Le Ju-no-Kata a livré l’un des moments les plus émouvants de la journée. Giovanni Tarabelli et Angelica Tarabelli n’ont pas seulement ajouté un nouveau titre européen à leur nom de famille. Après avoir récemment perdu leurs deux parents, les frère et sœur italiens leur ont dédié l’or, donnant à leur victoire une portée bien plus profonde qu’un simple résultat.

Ils avaient terminé deuxièmes des éliminatoires, la finale exigeait donc encore une réponse. Ils l’ont apportée avec autorité en marquant 398 points pour s’adjuger le titre. Les Roumaines Alina Zaharia et Alina Cheru, qui avaient mené plus tôt dans la journée, ont pris l’argent avec 392,5, tandis que les Allemandes Helene Weinmann et Birgit Weinmann ont remporté le bronze avec 388.

L’Espagne a répliqué en Kime-no-Kata grâce à Julian Jose Sanchez-Chaparro Montero et Carlos Alberto Navarrete Cerezo. Après avoir pris la tête au tour préliminaire, ils sont restés devant en finale et ont conquis l’or avec 508,5 points. Cela a marqué un net pas en avant après leur médaille de bronze en 2025.

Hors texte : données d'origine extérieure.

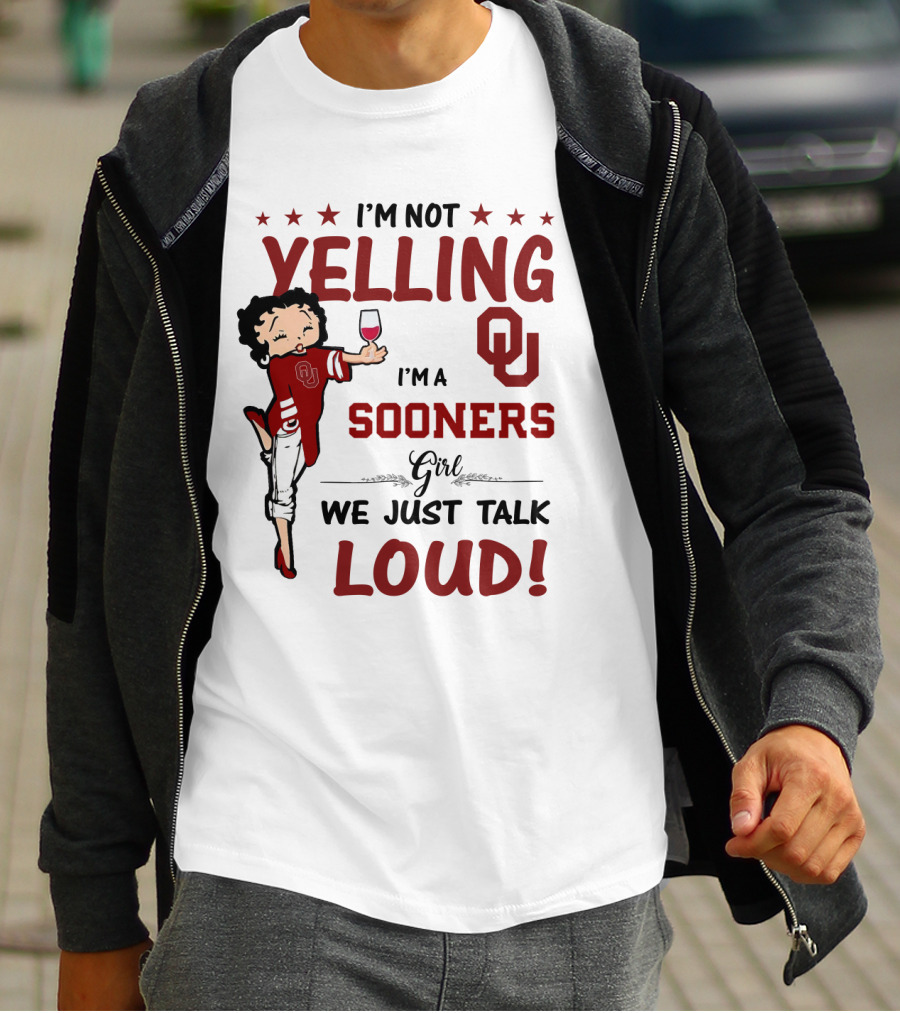 I'm Not Yelling I'm A Sooners Girl We Just Talk Loud OU T-Shirt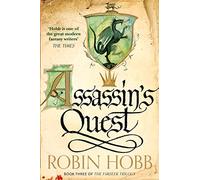 Assassin’s Quest: Keystone. Gate. Crossroads. Catalyst.: Book 3 (The Farseer Trilogy)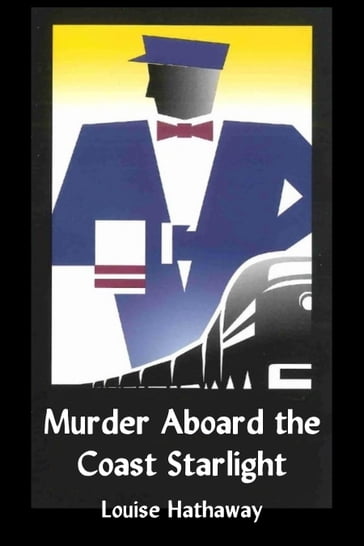 Murder Aboard the Coast Starlight - Louise Hathaway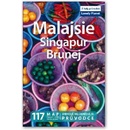 Malajsie Singapur Brunej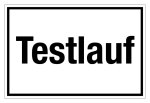 Hinweisschild - Testlauf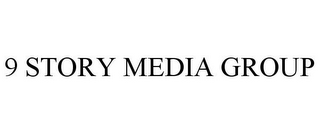 9 STORY MEDIA GROUP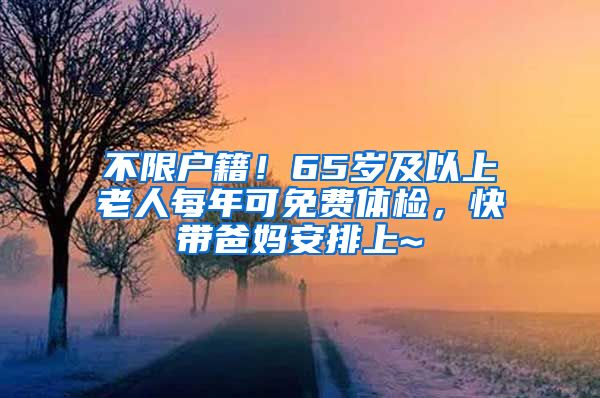 不限户籍！65岁及以上老人每年可免费体检，快带爸妈安排上~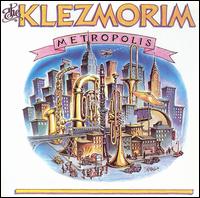 Metropolis von The Klezmorim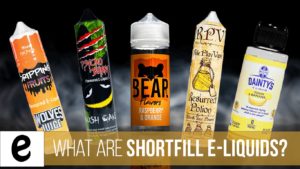 What is the Best Shortfill E Liquid of 2022?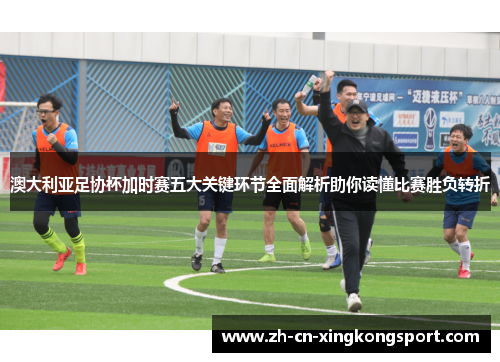 澳大利亚足协杯加时赛五大关键环节全面解析助你读懂比赛胜负转折 澳大利亚足协杯加时赛五大关键环节全面解析助你读懂比赛胜负转折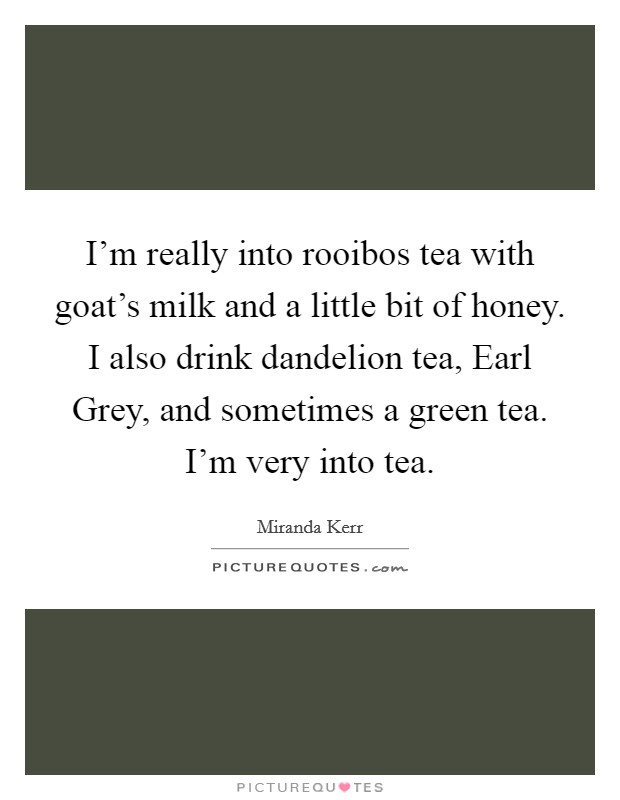 I'm really into rooibos tea with goat's milk and a little bit of honey. I also drink dandelion tea, Earl Grey, and sometimes a green tea. I'm very into tea. Picture Quote #1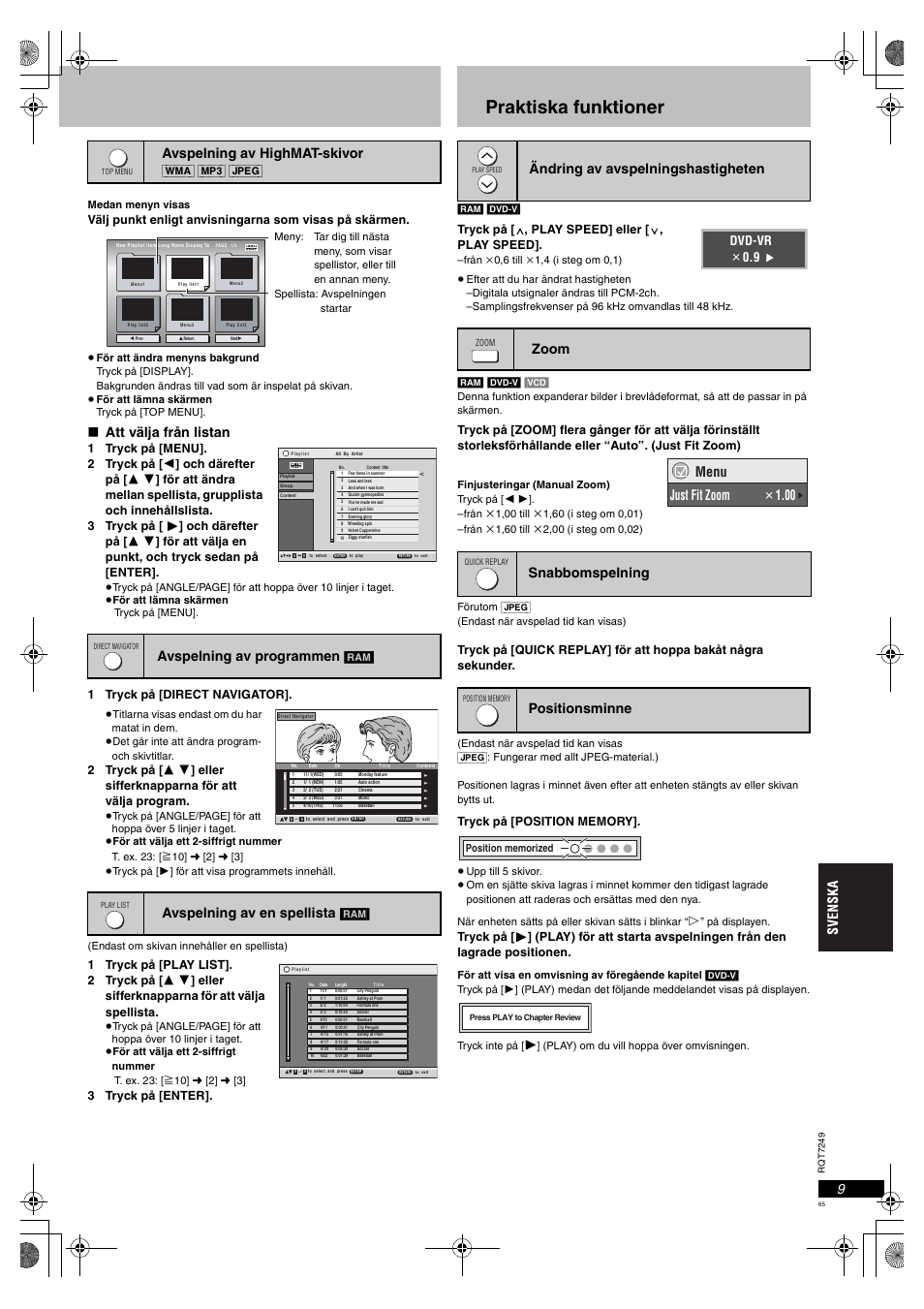 Praktiska funktioner, Att välja från listan, Avspelning av highmat-skivor | Avspelning av programmen, Avspelning av en spellista, Menu just fit zoom, Dvd-vr  0.9, 1 tryck på [direct navigator, 3 tryck på [enter, Wma] [mp3] [jpeg | Panasonic DVDS47EG User Manual | Page 65 / 75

Les Français Stephane Bega et Gregory Marques ont terminé tout près derrière avec 505, tandis que les Italiens Enrico Tommasi et Yuri Ferretti ont assuré le bronze avec 503. Là encore, l’écart en tête était suffisamment faible pour maintenir la tension jusqu’à l’affichage des notes.

L’Allemagne a connu sa percée en Kodokan Goshin Jutsu. Andreas Freimuth et Eike Alexander Schmidt sont remontés sur le podium après leur bronze de 2025, mais cette fois jusqu’à la plus haute marche. Leur prestation à 518,5 points leur a offert le titre européen devant l’Espagne avec 513 et la France avec 505.

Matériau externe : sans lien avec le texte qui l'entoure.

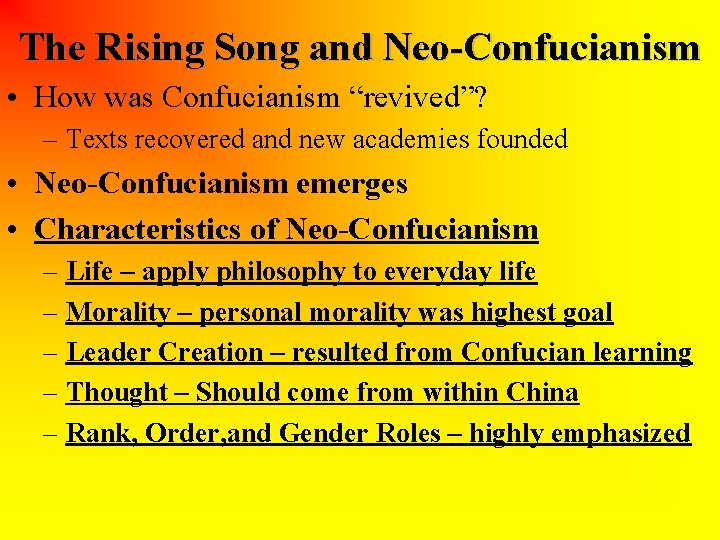 The Rising Song and Neo-Confucianism • How was Confucianism “revived”? – Texts recovered and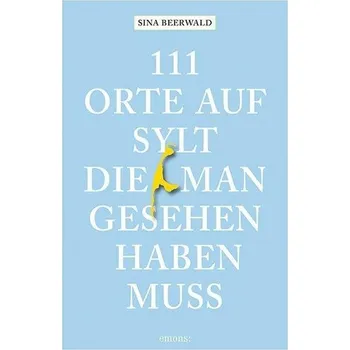 Cestování 111 Orte auf Sylt, die man gesehen haben muss - Beerwald, Sina [DE] (2023, Brožovaná, Emons Verlag)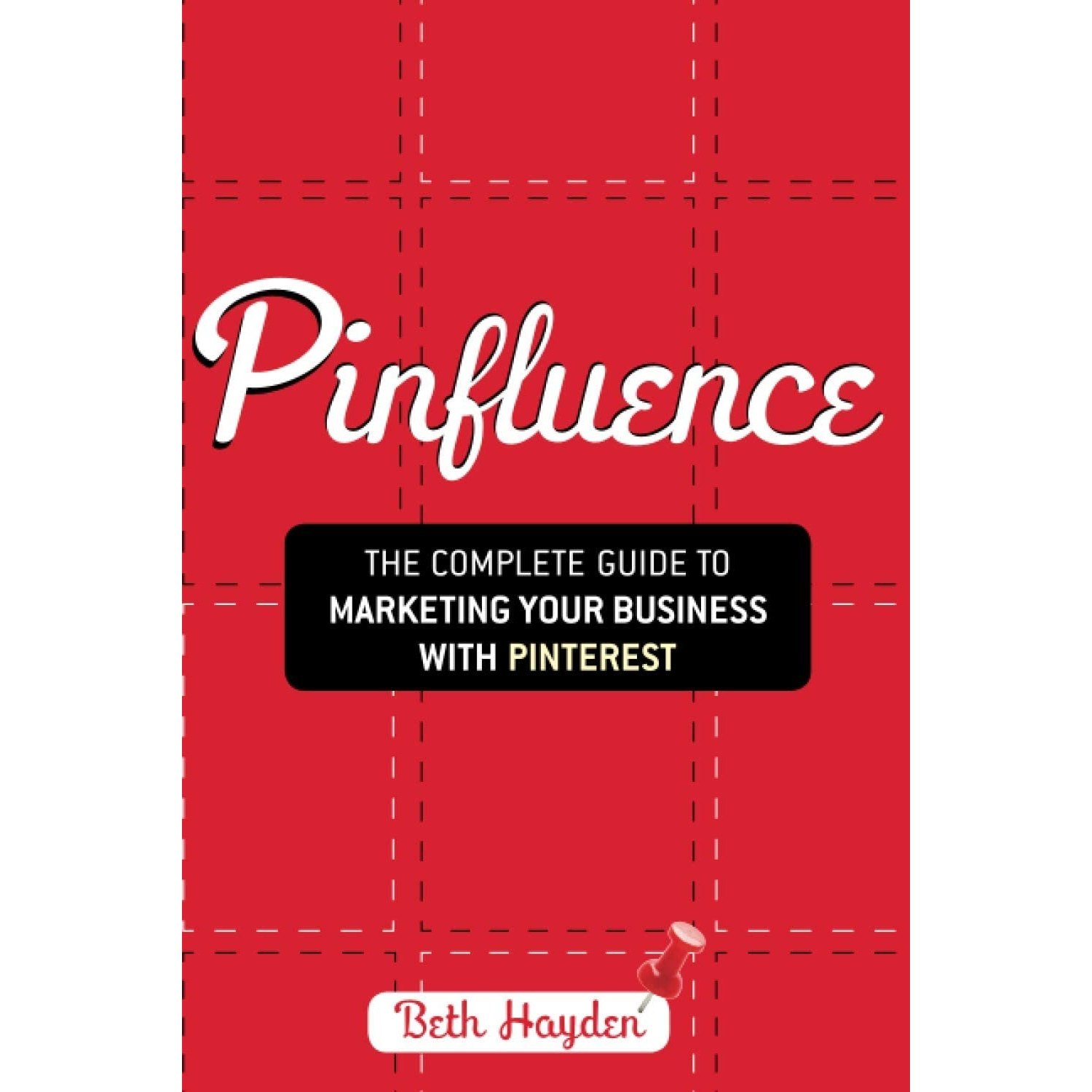 کتاب زبان اصلی Pinfluence اثر Beth Hayden انتشارات Wiley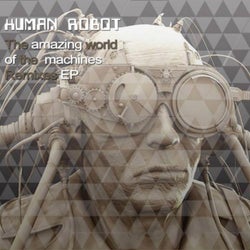 The Amazing World Of The Machines Remixes EP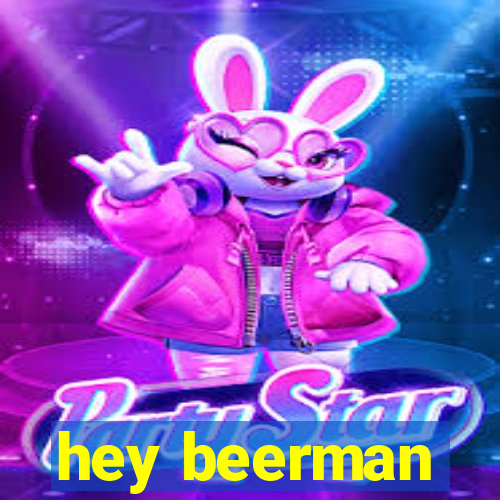 hey beerman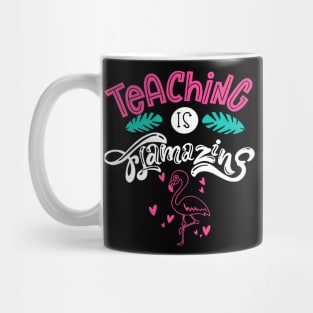 teaching is flamazing Mug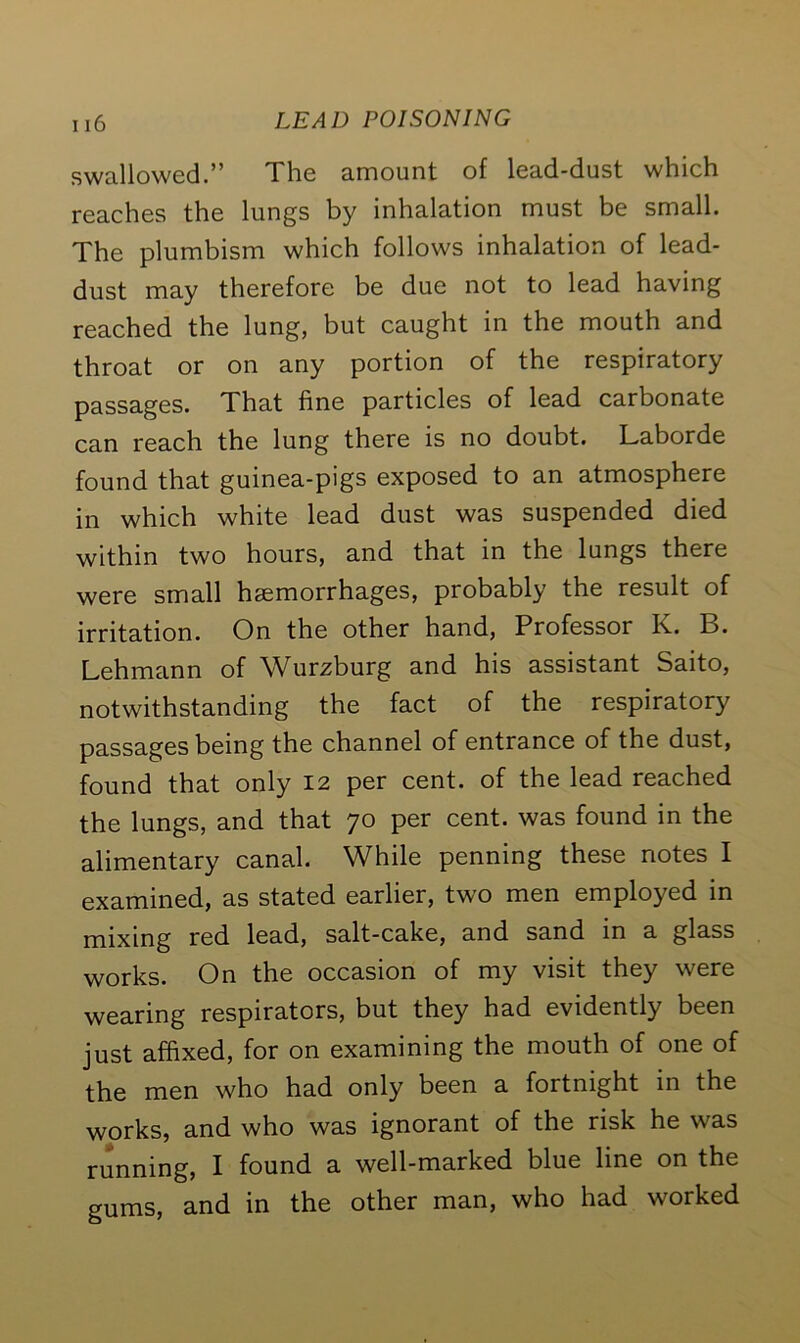 swallowed.” The amount of lead-dust which reaches the lungs by inhalation must be small. The plumbism which follows inhalation of lead- dust may therefore be due not to lead having reached the lung, but caught in the mouth and throat or on any portion of the respiratory passages. That fine particles of lead carbonate can reach the lung there is no doubt. Laborde found that guinea-pigs exposed to an atmosphere in which white lead dust was suspended died within two hours, and that in the lungs there were small haemorrhages, probably the result of irritation. On the other hand, Professor Is.. B. Lehmann of Wurzburg and his assistant Saito, notwithstanding the fact of the respiratory passages being the channel of entrance of the dust, found that only 12 per cent, of the lead reached the lungs, and that 70 per cent, was found in the alimentary canal. While penning these notes I examined, as stated earlier, two men employed in mixing red lead, salt-cake, and sand in a glass works. On the occasion of my visit they were wearing respirators, but they had evidently been just affixed, for on examining the mouth of one of the men who had only been a fortnight in the works, and who was ignorant of the risk he was running, I found a well-marked blue line on the gums, and in the other man, who had worked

L’Allemagne a transformé le bronze de l’an dernier en or.

Le dernier titre de la journée est revenu à la Slovénie en ENBU. Avec suffisamment d’engagés pour organiser officiellement la catégorie pour la première fois depuis plusieurs éditions, l’épreuve a aussi reflété le récent renouveau de l’ENBU Judo. La Slovénie a pris la tête avec 183,0 points grâce à une équipe composée de Kora Kojc, Keno Kojc, Kara Kojc, Kira Kojc, Tomo Mihaljević et Tito Karanjac Kroflič. La Croatie a pris l’argent et la Bosnie-Herzégovine a complété le podium.

À la fin de la première journée, les résultats étaient déjà impressionnants en eux-mêmes. Mais Sarajevo a aussi montré autre chose: le kata reste un espace où l’expérience, les histoires de famille, les retours au premier plan et une nouvelle dynamique peuvent tous se rencontrer sur le même tatami.